Lynchings used to be somewhat common in part of our dark history. However, I’ve never heard of anyone calling for rope to be banned. Certainly, evil rope must have tied itself into a knot and created itself into a good noose, then jumped around the necks of African-Americans, and the white folk who stood up for them. Rope is evil. Let’s ban it.
Cars kill people every day! I can’t tell you how many times I’ve been driving my car and I have to fight . . . I literally fight it . . . . to keep control of the wheel so my evil car doesn’t careen me into another car or a wall and kill me. The worst, though, is when it tries to throw me into oncoming traffic and kill somebody else with me. So far, I’ve succeeded in beating my car’s urges, but many others have failed and have been killed by their cars. Let’s ban cars.
What about knives? What about ice picks, hammers, nail guns? You know what . . . one day, I had to change a flat on my car. As soon as I opened the trunk the crowbar jumped out and tried pummeling me to a bloody pulp! That heavy piece of steel is so evil and murderous! We must ban all crow bars, tire wrenches, screw drivers . . . anything with metal, really.
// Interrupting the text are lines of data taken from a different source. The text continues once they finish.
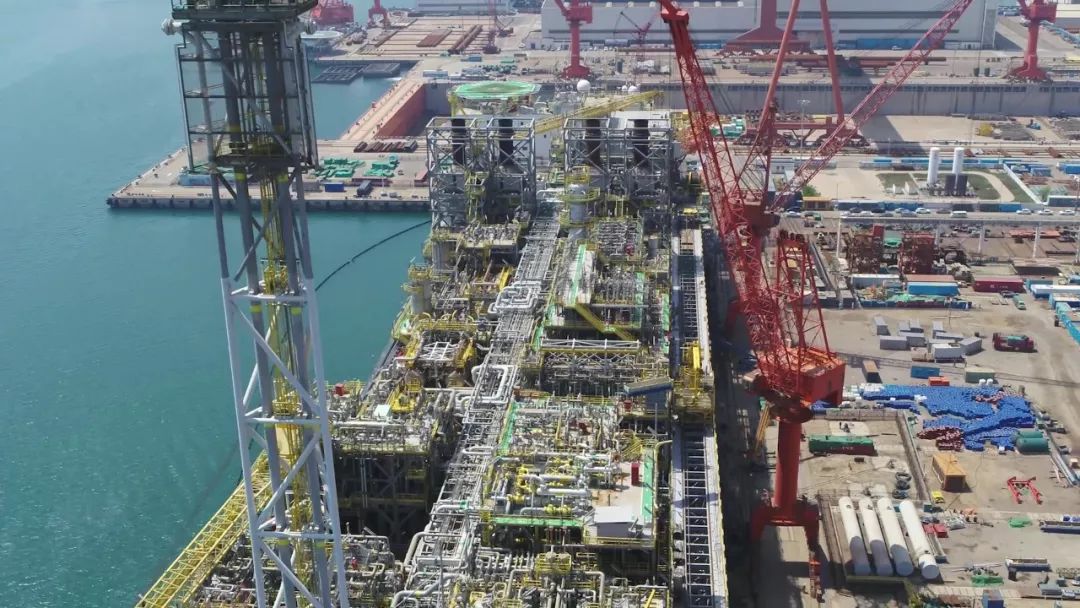 辽宁海边惊现巨型海兽,青岛发现的巨兽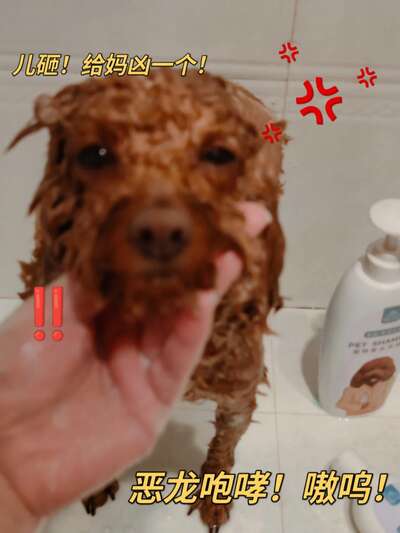 泰迪犬洗护美容全攻略：从沐浴露选择到日常护理，让毛孩子漂漂亮亮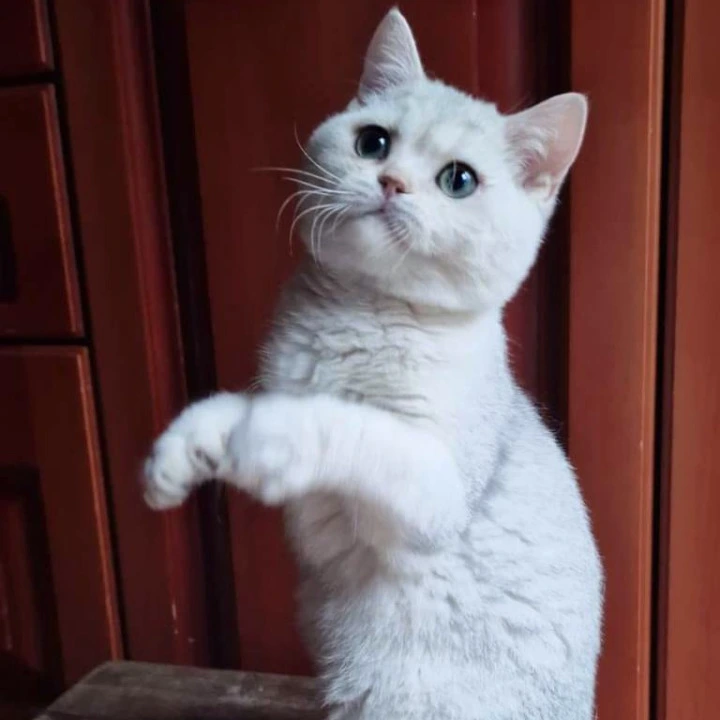 Stepan British Shorthair Kittens | Buy a kitten. 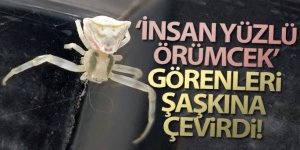 Görenlerin gözlerine inanamadığı ‘insan yüzlü örümcek' hayrete düşürüyor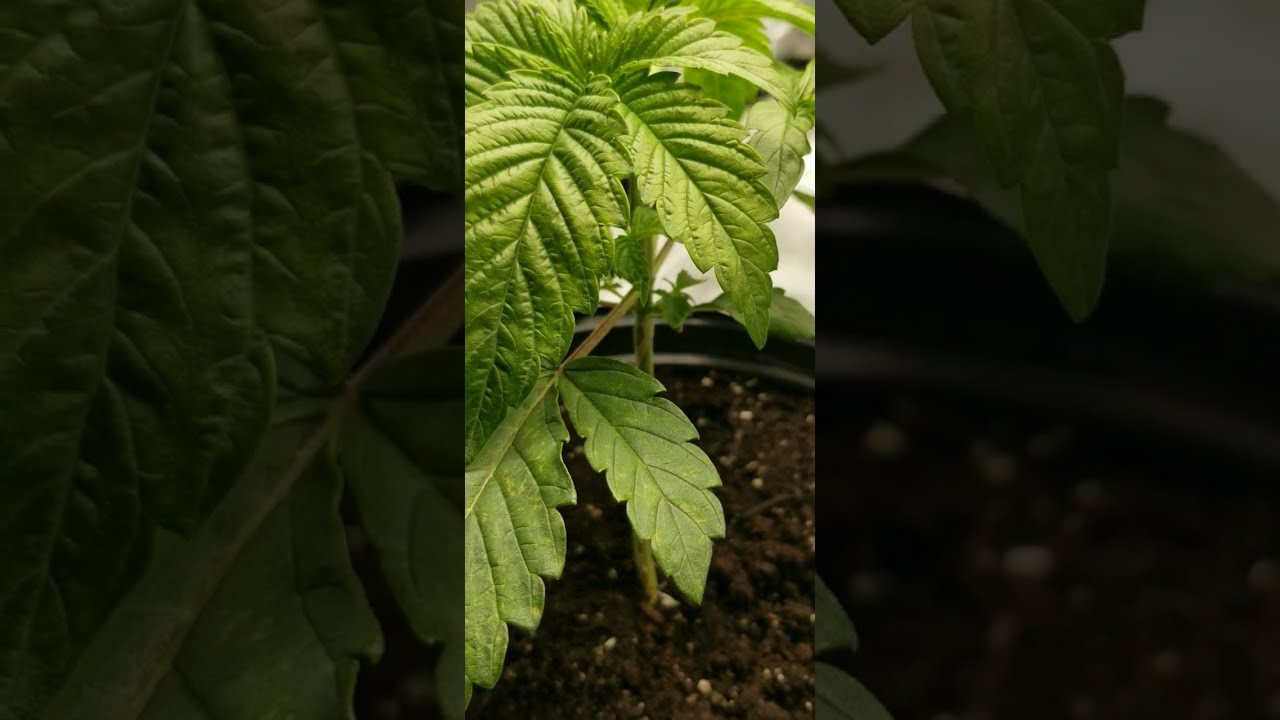 Gaschata 2 Days After Feeding in Veg | Growing with Mars Hydro | Mantha Productions 2.0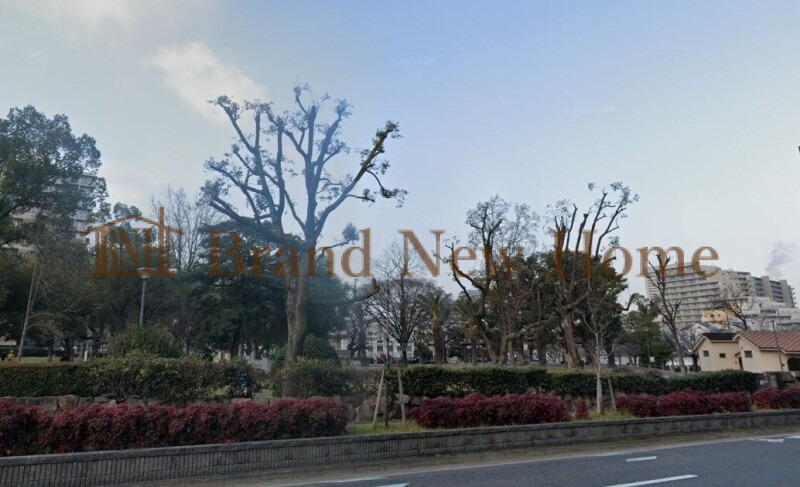 公園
Baseball bats? Axes? Box cutters? 2 x 4s? Chains? Water? Water drowns people, but we still take showers and baths every day. Chairs have been used as weapons. Yet, we still like those and sit on them every day.
I guarantee you, place a gun on a table, untouched. Let a good law-abiding citizen, then a crazy person have access to it. The law-abiding citizen will check it, to make sure it is unloaded, then possibly admire it. After that, he’d put it back, or if it the situation is appropriate, he may holster it safely so no crazy person gets a hold of it. Then, same gun on the same table, crazy person sees it . . . he’ll pick it up and shoot you with it. You see, the problem isn’t the tool or object. The problem is the “tool” who is using the object. The person handling it decides if it is used for good or evil. Therefore, the object is neither good nor bad. It is the one who wields each object that is good or bad, using it for whatever intentions he has.
It seems like every time a tragedy happens, people who are against freedom yell for more gun control, as if the inanimate object did something. Why doesn’t anyone hold the idiot criminals responsible? It is their responsibility, not the gun’s or the gun manufacturers’. Every time this happens, though, the 2nd amendment comes under fire and they try to cry their way into acting like citizens don’t have a right to protect themselves. Let’s walk through this, beginning with the 2nd amendment:
A well regulated Militia, being necessary to the security of a free State, the right of the people to keep and bear Arms, shall not be infringed.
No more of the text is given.